TASK PROMPT → Set down exactly the lines from the first line of the records through the line that contains "USED 2018 68", and leave every picture out.

DATA LISTING →
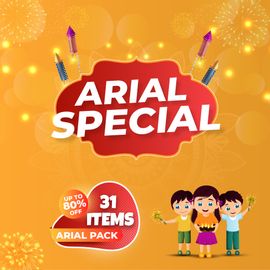 Arial Special 31 items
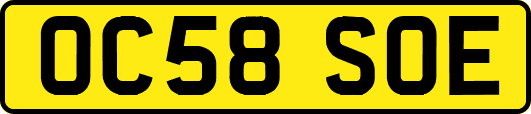 OC58SOE
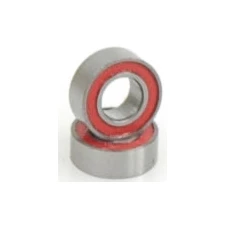 Kugellager 4x8x3mm Red Sealed (2 Stück)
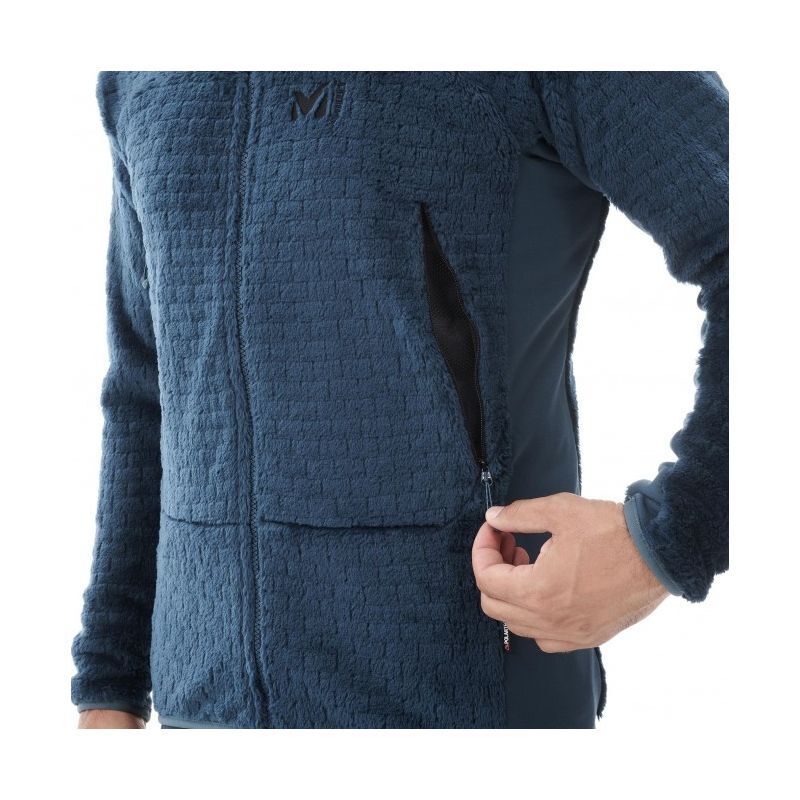Millet Fusion Lines Loft Jacket - Forro polar - Hombre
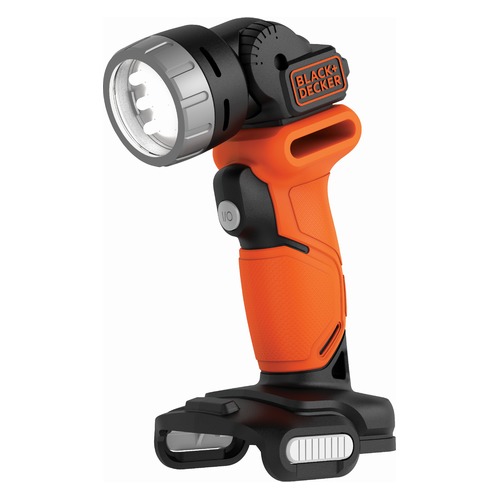 Аккумуляторный фонарь BLACK & DECKER BDCCF12N-XJ, оранжевый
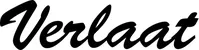 Produktbeispiel Schriftzug - Verlaat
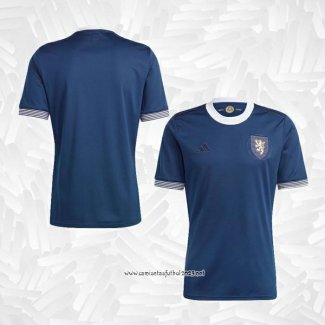 Camiseta Escocia 150 Aniversario 2023 Tailandia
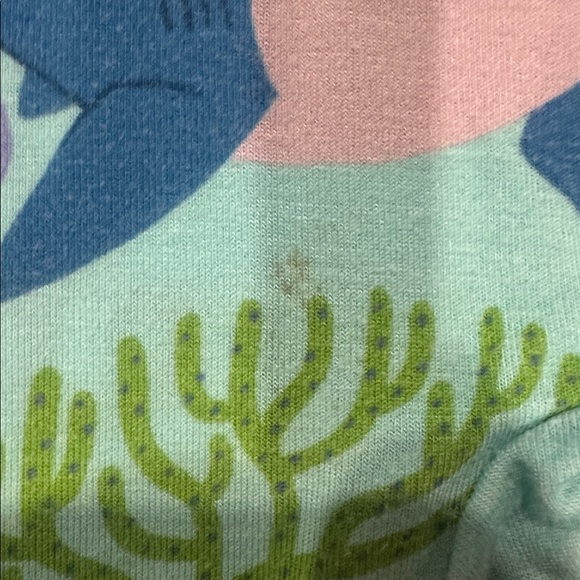 Disney's Finding Nemo Little Sleepies Zippy, Size 6-12 Months - Picture 4 of 6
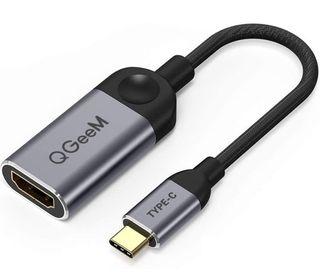 USB-C to HDMI (Type-C to HDMI)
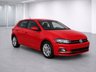 USED 2018 68 VOLKSWAGEN POLO 1.0 TSI GPF SE Hatchback 5dr Petrol Manual Euro 6 (s/s) (95 ps) ULEZ COMPLIANT, 15 inch Alloys, Bluetooth, Air Conditioning, 4 Main Dealer,  Service Stamps, Free RAC Warranty and Free 1Yr RAC Recovery package.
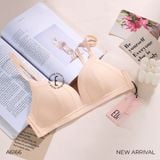  ÁO LÓT THUN KHÔNG GỌNG ĐỆM MỎNG A6166 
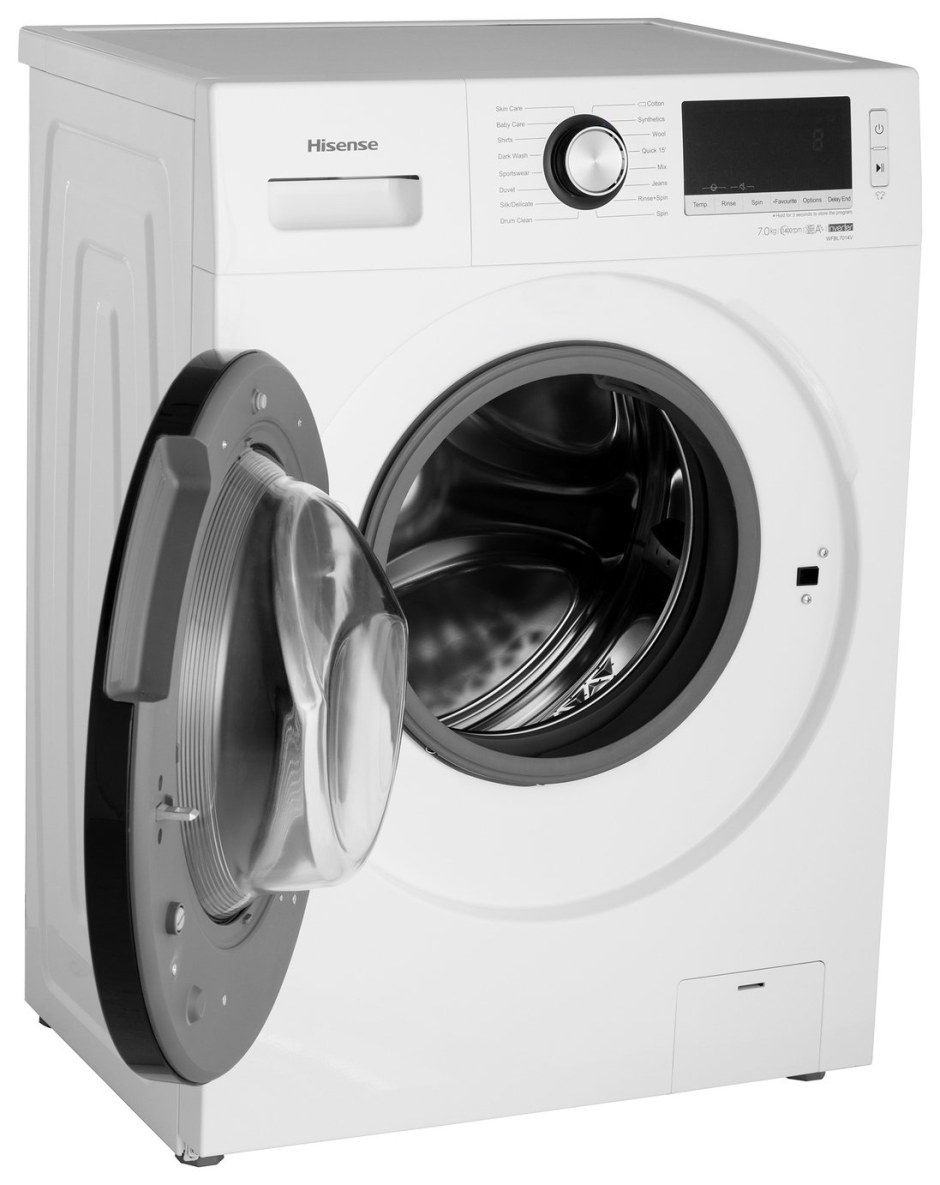 Hisense стиральная машина 7 кг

OUTPUT BELOW →
 Arial Special 31 items
 OC58SOE
 Kugellager 4x8x3mm Red Sealed (2 Stück)
Millet Fusion Lines Loft Jacket - Forro polar - Hombre
 Аккумуляторный фонарь BLACK & DECKER BDCCF12N-XJ, оранжевый
 Produktbeispiel Schriftzug - Verlaat
 Camiseta Escocia 150 Aniversario 2023 Tailandia
 Disney's Finding Nemo Little Sleepies Zippy, Size 6-12 Months - Picture 4 of 6
 USB-C to HDMI (Type-C to HDMI)
 USED 2018 68 VOLKSWAGEN POLO 1.0 TSI GPF SE Hatchback 5dr Petrol Manual Euro 6 (s/s) (95 ps) ULEZ COMPLIANT, 15 inch Alloys, Bluetooth, Air Conditioning, 4 Main Dealer,  Service Stamps, Free RAC Warranty and Free 1Yr RAC Recovery package.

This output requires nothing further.